Requirement:
The answer must be the full data, restated word for word, with no pictures in it.

Collected material:

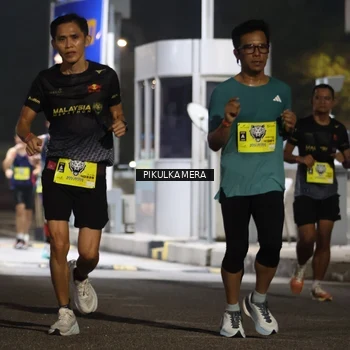 Runner Photo 7079632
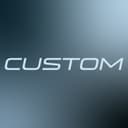Custom America logo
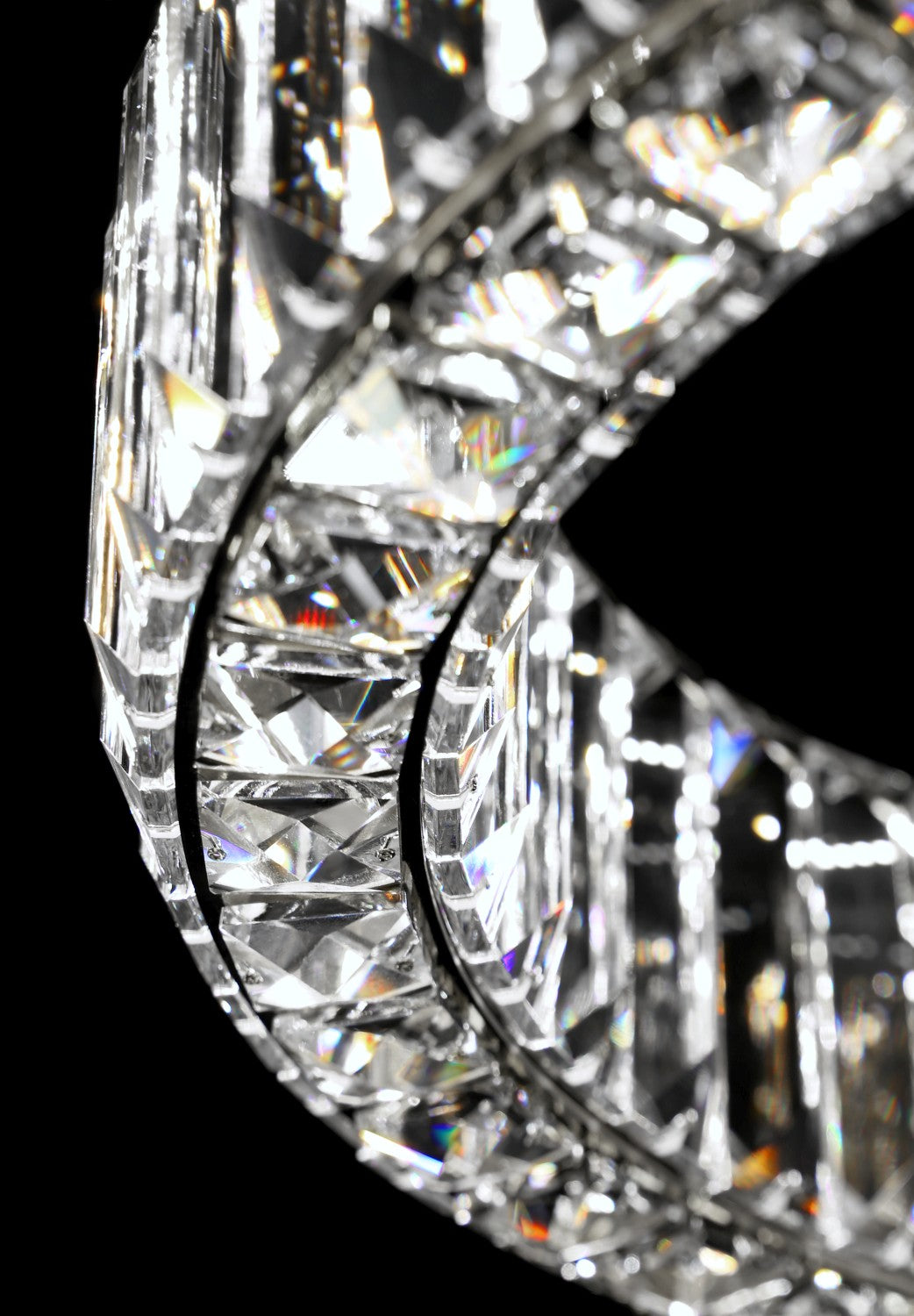 Suspension moderne L-OE-PRI-01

Answer section:
 Runner Photo 7079632
Custom America logo
 Suspension moderne L-OE-PRI-01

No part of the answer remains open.